On the other hand, the more siloed and mechanistic something is, and the easier it is to break it down into a series of repetitive technical steps, the more vulnerable it is to AI eventually doing it better and faster than it’s ever been done before.
If there’s one piece of advice I could give to anyone (particularly artists), it would be this: embrace the “Renaissance Man” ethos, broaden your foundational skills, and expand into adjacent domains, disciplines, and beyond.
The old “you can’t change the world, but you can change yourself” aphorism has rarely been more applicable.
AI will expand opportunity, mostly in unexpected ways
There is a lingering sense of impending doom about the impact of AI on the labor market.
While I’m sure some of this is warranted – although arguably reactionary hiring practices and widespread economic mismanagement are already doing more damage than AI likely ever will – there’s also an often-overlooked flipside.
There are at least two important trends at play, both of which I have personally witnessed:
The first is the decentralizing and deflationary impulse inherent in every new technology: AI tech, tools, and workflows are poised to empower and elevate the capabilities and productivity of individual creators and small teams to a degree that will catch most people off-guard.
The second is anecdotal and subtle, but perhaps even more powerful.
At Apocalypse Studios we developed an AI-assisted workflow to illustrate a series of “radio plays” that establish the intricate lore and narrative for the dark world of our in-development game Deadhaus Sonata.
This workflow allowed us to create hundreds of thematically consistent illustrations in a matter of days, which would have been prohibitively time-consuming and expensive otherwise.
The project had a surprisingly wide-ranging impact, leading to the hiring of additional voice actors, re-energizing our fan base, immersing the team in the narrative, sparking conversations that resulted in new design initiatives, generating interest from external parties, driving a 5x improvement in our social media engagement, and serving as a prop for look development and an onboarding tool for new team members.

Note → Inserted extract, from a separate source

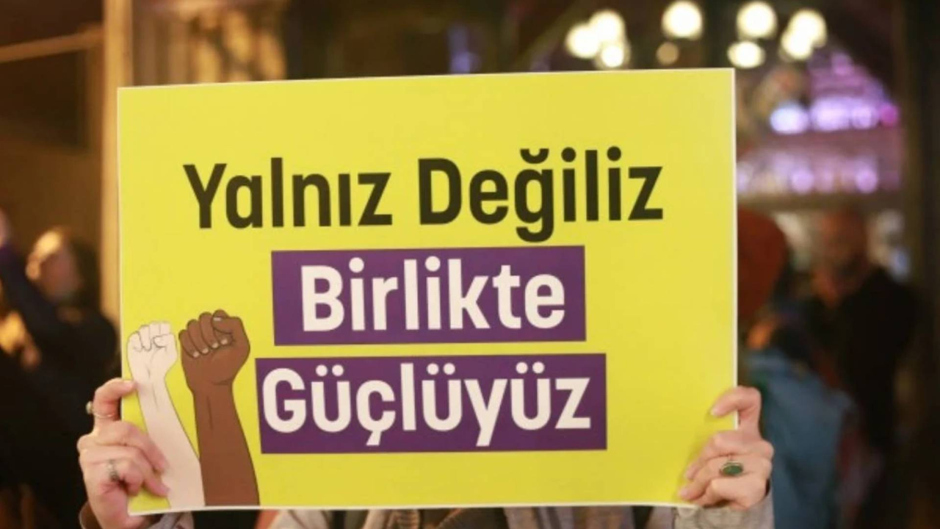 Tacize uğrayan kadın sesini çıkarınca partiden atıldı iddiası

It acted as an expansive, broad-spectrum catalyst – akin to watching neurons seek out and form new connections – and without the force-multiplier effect of AI it would not have existed at all.
Nobody has a crystal ball or knows how things will unfold, but for now, I remain hopeful that AI is not a threat to human creativity, but a tool to help write a new chapter of it.
The robot uprising
We’ll wrap up with a visual and technical breakdown of the header image used for this article, which – shockingly – was itself created using an AI-assisted hybrid workflow.

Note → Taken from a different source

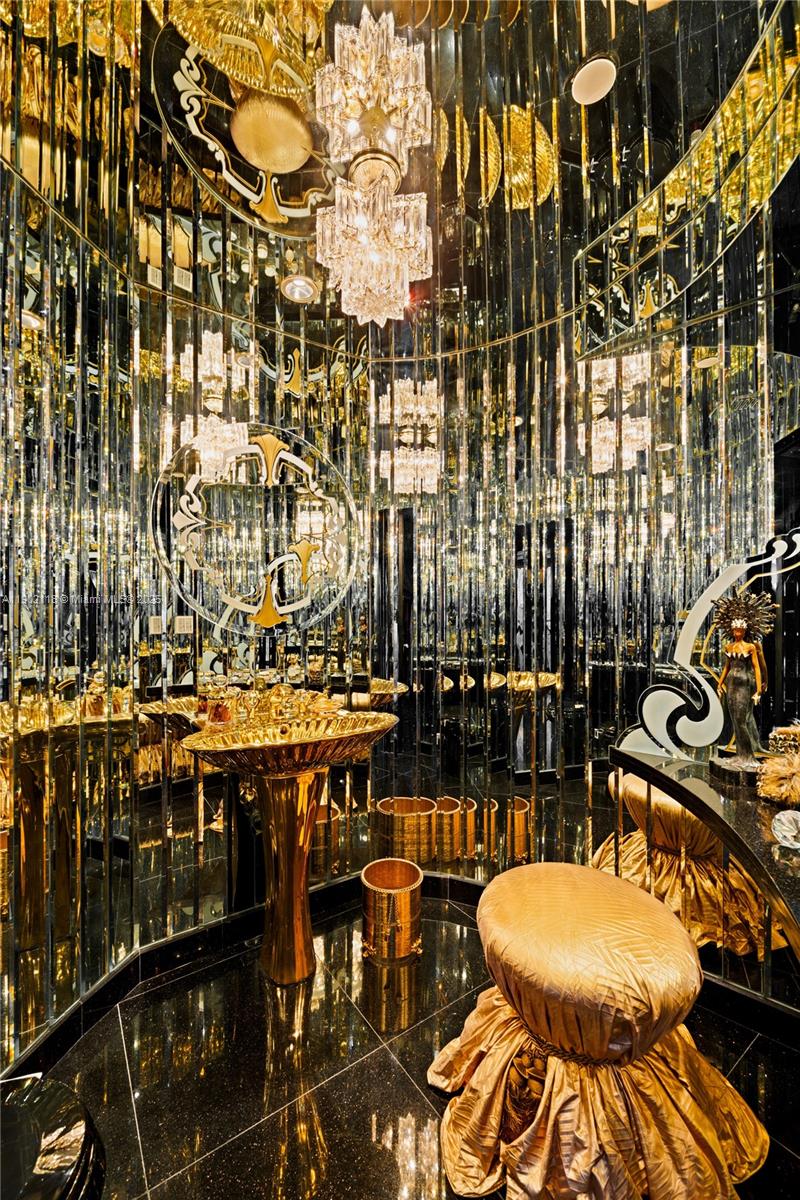 300 S Pointe Dr #TH 3103 Miami Beach, FL 33139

It hopefully serves as a small example to illustrate the kind of direction and techniques that will gradually take things beyond the “scraped” stigma.
- The base model used was LeonardoAI‘s implementation of StableDiffusion.
- To narrow the focus and get the right vibe, an additional fine-tuned custom model was generated using a dataset of several dozen Soviet-era propaganda posters available in the public domain (representing a consistent body of training data with no copyright issues).
- I created a hand-drawn grayscale sketch in PhotoShop to use as a ControlNet guidance image, with a pretty hefty 0.6 weight.
- The baseline prompt used was extremely simple (“Soviet-style poster of a robot uprising, artificial intelligence, dynamic, vintage”), as most of the heavy lifting was done by the guidance image and the custom model. The prompt’s primary role was to make iterative changes using the same generation seed possible.
- The final image is a composite of 8 different generated variant images picked from a total of about 40, and manually assembled in PhotoShop.
- Final touch-ups, adding some hand-painted elements and detail, and color correction to get the vintage look have also been done in PhotoShop.